Bars can open, but not Churches? Yet one more proof of the hatred governments have for the Church.
By Elise Ann Allen
ROME - After Italian Prime Minister Giuseppe Conte Sunday rolled out a week-by-week plan for returning to normal life after the COVID-19 coronavirus which did not include the lifting of restrictions on the celebration of public Masses, the bishops rallied, calling the move “arbitrary” and threatening to take matters into their own hands.
On April 26 Conte announced new guidelines for Italy’s “phase 2” of recovery from the coronavirus, beginning Monday with the reopening of agricultural and industrial companies who ship products abroad.
As of May 4, a series of projected recovery steps will begin, starting with more freedom of movement and the opening of parks, beaches and the mountains, and culminating June 1 with the reopening of restaurants, bars and hairdressers.
It was widely expected that church negotiations with the government would culminate with the lifting of bans on the public celebration of Masses and other liturgical activities May 4, however, in Conte’s announcement he said that only small-scale funerals would be allowed to be celebrated.

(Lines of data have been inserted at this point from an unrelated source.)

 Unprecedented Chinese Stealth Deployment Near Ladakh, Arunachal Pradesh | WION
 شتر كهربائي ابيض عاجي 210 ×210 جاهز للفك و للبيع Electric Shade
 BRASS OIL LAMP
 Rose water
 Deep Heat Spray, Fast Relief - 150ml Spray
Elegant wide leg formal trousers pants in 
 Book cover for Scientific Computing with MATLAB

“For weeks the Church has been trying to convince the government to allow the celebration of the Holy Mass, but for scientists it is still too risky,” Conte said in his April 26 remarks, adding that only funerals may be held as of May 4 provided that there are no more than 15 close family members, wearing masks and maintaining proper distance.
His statement made no mention of when public Masses and the celebration of other sacraments, such as weddings and baptisms, might begin again.

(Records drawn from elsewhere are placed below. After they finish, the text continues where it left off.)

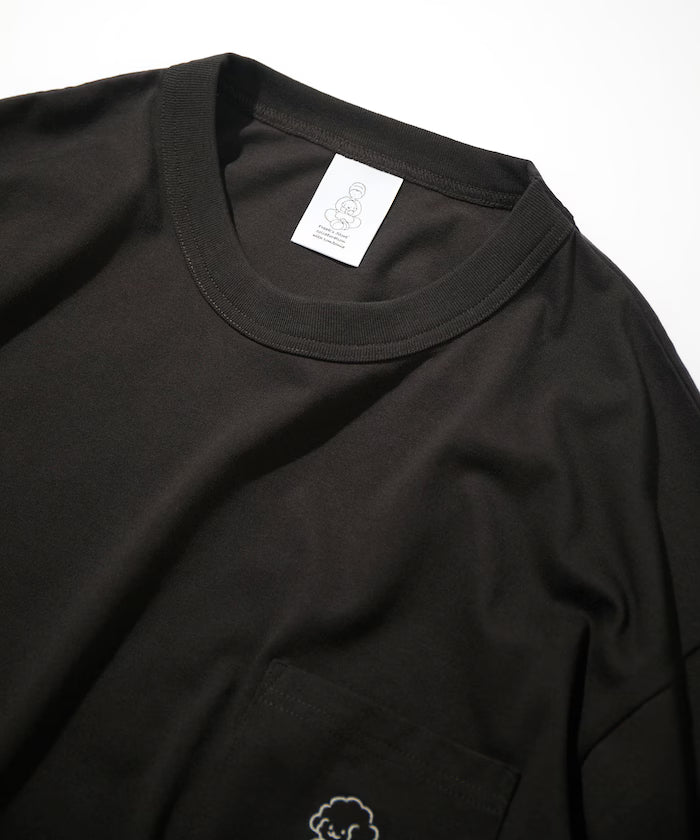 tombonia/Tombonia Back Print Crew Neck T-Shirt/Campus Life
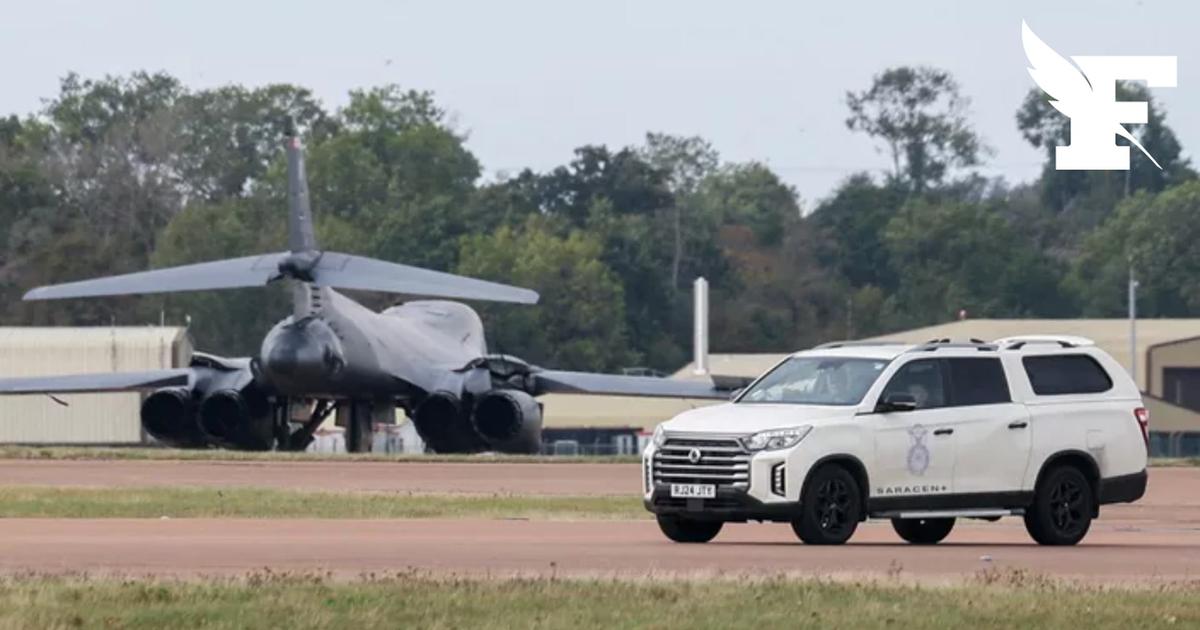 Royaume-Uni: un possible projet d’attaque contre la base militaire de Fairford déjoué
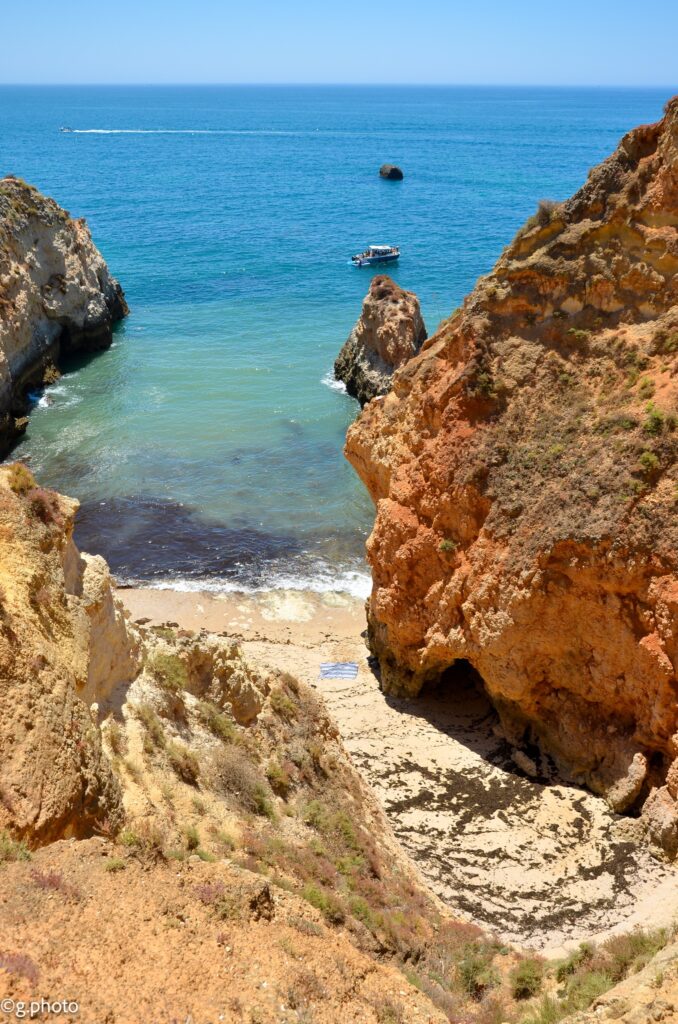 Dettaglio di Praia do Valentim do Carvalho a Portimao, Algarve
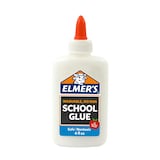 Elmer's Washable School Glue, Easy-Squeeze Bottle, 150 ml Front_Flat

In a statement issued after Conte’s address, the Italian bishops’ conference (CEI) noting that they have been in ongoing conversation with Conte and the Italian Ministry of the Interior since talk of a possible relaxation of restrictions began, making several proposals for restarting liturgical life.
The Church has engaged in this dialogue “with suffering and a sense of responsibility” and has respected the limitations imposed by the government in order to deal with the COVID-19 outbreak, the bishops said.
Throughout talks, they said, “several times it was explicitly emphasized that - when the limitations assumed to face the pandemic are reduced - the Church demands to be able to resume its pastoral action.”
“Now, after these weeks of negotiation which saw CEI present guidelines and protocols with which to face a transitional phase in full compliance with all health standards, the Prime Minister’s decree passed this evening arbitrarily excludes the possibility of celebrating Mass with the people,” they said.
CEI issued a stern reminder to both the presidency of the Council of Ministers and the Technical-Scientific Committee that their primary duty is to provide “precise indications of a sanitary nature,” whereas the Church is “called to organize the life of the Christian community, in compliance with the disposed measures, but in the fullness of its own autonomy.”
“The Italian bishops cannot accept to see the exercise of the freedom of worship compromised,” the bishops said, adding, “It should be clear to everyone that the commitment to the service of the poor, so significant in this emergency, arises from a faith that must be able to nurture itself from its sources, in particular sacramental life.”
After CEI published its statement essentially threatening to sidestep the government and issue their own protocols, the Council of Ministers issued their own statement acknowledging the bishops’ position, saying that sometime in the coming days, “a protocol will be studied which will allow the faithful to participate in liturgical celebrations as soon as possible in conditions of maximum security.”
Speaking to Crux, Father Ivan Maffeis, spokesman for CEI, referred to the fact that Conte’s plan included no concrete date for when Masses will potentially begin, saying it is still “too early” to project a date.
Asked whether the Italian bishops will issue their own measures should the government continue to delay the celebration of Mass, Maffeis simply said that “we trust that negotiations can continue in that spirit of cordial and constructive collaboration which has marked these difficult weeks.”